Work order -
Would you reproduce exactly the lines below from the one holding "Light Colorado Topaz" through the one holding "Chicago, IL 60609", inclusive, and no others?

Raw data -
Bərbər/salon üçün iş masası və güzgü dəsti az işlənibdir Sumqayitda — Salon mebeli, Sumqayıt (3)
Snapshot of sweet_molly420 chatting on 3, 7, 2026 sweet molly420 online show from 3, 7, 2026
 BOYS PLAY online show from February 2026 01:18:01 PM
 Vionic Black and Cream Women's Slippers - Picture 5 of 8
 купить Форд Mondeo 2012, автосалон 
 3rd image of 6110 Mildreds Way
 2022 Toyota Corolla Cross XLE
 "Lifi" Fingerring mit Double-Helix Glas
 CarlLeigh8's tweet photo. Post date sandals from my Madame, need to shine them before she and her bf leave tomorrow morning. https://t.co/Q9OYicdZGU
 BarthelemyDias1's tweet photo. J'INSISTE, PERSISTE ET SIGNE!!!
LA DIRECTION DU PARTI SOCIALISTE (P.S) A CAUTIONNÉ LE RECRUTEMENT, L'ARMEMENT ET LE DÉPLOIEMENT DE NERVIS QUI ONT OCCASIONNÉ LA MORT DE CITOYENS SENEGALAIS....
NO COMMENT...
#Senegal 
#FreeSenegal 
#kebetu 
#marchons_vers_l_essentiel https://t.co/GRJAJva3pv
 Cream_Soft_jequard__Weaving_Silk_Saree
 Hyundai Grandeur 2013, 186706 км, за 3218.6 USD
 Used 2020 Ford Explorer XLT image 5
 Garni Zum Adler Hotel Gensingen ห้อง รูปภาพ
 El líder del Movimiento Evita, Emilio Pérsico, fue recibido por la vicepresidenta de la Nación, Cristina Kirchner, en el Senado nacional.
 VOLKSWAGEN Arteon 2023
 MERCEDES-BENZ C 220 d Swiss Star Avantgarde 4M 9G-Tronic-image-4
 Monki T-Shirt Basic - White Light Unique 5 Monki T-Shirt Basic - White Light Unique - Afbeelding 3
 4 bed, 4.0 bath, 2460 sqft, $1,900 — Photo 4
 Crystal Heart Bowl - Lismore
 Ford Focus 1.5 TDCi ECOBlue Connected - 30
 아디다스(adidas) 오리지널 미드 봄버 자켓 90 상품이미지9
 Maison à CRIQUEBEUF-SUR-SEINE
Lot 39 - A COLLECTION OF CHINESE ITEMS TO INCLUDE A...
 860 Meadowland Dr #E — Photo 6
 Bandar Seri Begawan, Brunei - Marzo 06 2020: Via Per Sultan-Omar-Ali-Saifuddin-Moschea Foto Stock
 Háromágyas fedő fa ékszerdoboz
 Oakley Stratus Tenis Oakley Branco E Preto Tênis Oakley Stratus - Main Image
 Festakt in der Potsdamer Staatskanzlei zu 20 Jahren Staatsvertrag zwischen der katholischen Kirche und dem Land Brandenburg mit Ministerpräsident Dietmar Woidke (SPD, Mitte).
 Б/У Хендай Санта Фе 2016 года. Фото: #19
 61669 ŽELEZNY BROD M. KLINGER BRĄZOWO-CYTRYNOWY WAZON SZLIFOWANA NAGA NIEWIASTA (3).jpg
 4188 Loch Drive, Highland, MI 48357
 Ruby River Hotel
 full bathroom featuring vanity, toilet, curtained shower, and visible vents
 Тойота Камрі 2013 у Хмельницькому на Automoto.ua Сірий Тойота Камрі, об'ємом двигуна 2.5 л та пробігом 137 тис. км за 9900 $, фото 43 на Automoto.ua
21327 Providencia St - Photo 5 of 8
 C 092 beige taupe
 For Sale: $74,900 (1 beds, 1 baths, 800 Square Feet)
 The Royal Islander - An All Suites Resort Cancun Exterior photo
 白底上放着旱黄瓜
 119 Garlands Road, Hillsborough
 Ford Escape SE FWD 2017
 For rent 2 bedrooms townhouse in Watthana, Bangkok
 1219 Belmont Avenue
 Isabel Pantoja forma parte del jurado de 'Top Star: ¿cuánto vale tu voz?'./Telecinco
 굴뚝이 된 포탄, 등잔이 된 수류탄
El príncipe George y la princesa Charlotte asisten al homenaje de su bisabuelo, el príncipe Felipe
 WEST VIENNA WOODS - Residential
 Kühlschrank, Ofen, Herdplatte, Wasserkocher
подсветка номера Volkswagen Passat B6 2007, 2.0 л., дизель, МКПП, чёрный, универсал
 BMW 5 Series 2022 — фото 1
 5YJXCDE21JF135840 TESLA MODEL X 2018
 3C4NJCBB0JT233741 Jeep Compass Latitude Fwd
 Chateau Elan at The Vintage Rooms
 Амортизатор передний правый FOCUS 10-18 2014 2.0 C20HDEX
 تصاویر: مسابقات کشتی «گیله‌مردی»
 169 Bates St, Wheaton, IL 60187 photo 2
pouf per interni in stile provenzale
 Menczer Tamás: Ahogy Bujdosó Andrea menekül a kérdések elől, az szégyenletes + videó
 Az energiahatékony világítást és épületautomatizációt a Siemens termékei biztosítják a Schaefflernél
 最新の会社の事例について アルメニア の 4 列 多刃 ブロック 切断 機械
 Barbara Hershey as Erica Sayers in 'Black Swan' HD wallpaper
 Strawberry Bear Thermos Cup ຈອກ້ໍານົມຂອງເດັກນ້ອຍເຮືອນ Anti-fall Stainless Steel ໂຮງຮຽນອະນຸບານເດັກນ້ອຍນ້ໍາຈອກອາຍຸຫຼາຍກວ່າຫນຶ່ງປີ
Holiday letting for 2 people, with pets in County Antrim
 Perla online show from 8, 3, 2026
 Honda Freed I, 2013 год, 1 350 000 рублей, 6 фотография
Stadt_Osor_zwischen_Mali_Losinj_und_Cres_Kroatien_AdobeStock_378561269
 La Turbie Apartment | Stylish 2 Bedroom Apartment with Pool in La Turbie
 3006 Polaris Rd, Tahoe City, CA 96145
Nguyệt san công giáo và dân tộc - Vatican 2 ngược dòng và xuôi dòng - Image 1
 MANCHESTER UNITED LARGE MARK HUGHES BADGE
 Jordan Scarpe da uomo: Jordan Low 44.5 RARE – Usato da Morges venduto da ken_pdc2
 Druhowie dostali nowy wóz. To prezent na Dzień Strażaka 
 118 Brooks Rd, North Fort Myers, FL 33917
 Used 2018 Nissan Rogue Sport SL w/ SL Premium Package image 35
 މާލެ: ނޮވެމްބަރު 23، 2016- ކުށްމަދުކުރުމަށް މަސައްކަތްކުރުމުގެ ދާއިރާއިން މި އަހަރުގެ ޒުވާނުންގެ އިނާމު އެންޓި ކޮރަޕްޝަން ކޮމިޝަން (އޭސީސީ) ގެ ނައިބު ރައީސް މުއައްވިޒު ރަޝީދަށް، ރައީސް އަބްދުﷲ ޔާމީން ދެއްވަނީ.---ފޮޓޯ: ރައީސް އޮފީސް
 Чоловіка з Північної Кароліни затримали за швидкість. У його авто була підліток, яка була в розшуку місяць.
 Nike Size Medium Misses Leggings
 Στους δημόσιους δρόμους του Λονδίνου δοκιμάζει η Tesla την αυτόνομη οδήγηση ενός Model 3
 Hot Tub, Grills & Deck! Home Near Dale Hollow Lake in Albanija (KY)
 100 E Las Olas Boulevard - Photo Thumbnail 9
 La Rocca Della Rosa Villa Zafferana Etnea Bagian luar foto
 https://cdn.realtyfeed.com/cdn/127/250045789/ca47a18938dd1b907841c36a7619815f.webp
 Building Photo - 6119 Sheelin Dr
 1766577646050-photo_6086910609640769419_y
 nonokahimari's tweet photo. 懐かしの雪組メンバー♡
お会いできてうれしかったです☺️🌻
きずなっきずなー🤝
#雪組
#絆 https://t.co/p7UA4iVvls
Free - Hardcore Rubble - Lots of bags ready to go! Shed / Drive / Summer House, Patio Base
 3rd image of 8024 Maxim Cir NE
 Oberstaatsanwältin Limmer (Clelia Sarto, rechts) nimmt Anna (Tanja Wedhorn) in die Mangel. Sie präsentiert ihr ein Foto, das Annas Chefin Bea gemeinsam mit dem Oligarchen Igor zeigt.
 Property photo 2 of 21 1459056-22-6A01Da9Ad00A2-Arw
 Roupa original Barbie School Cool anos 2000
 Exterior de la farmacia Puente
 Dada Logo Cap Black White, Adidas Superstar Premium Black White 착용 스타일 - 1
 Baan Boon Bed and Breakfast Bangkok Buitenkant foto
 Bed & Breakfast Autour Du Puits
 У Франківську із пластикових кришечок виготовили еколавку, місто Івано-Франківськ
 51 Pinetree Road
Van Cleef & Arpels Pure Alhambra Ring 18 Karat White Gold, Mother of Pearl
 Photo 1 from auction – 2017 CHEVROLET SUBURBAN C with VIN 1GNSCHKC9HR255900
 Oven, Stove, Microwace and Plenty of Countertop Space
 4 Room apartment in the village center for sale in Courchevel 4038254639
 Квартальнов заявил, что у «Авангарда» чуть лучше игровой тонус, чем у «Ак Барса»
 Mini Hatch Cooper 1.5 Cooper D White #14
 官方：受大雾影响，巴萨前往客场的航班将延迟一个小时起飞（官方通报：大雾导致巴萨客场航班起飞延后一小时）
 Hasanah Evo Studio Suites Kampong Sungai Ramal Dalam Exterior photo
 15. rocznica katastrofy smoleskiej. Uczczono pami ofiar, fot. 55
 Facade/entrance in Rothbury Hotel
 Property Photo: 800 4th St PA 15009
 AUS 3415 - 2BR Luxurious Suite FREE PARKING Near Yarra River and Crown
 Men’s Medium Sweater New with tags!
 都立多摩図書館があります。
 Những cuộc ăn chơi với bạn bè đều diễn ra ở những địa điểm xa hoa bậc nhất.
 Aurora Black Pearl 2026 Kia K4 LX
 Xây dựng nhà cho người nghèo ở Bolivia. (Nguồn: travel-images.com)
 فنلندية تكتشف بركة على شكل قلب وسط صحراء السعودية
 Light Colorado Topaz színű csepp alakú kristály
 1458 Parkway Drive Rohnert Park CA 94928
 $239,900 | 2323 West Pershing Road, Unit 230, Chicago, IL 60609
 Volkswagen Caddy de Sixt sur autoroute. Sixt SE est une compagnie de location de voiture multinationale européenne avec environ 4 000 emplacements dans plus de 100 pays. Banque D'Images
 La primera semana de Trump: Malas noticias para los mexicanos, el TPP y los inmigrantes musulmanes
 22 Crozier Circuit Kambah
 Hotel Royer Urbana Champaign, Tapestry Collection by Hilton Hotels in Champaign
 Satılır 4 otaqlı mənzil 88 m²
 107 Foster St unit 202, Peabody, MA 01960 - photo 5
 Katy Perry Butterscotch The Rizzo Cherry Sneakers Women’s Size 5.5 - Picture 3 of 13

Exercise answer -
 Light Colorado Topaz színű csepp alakú kristály
 1458 Parkway Drive Rohnert Park CA 94928
 $239,900 | 2323 West Pershing Road, Unit 230, Chicago, IL 60609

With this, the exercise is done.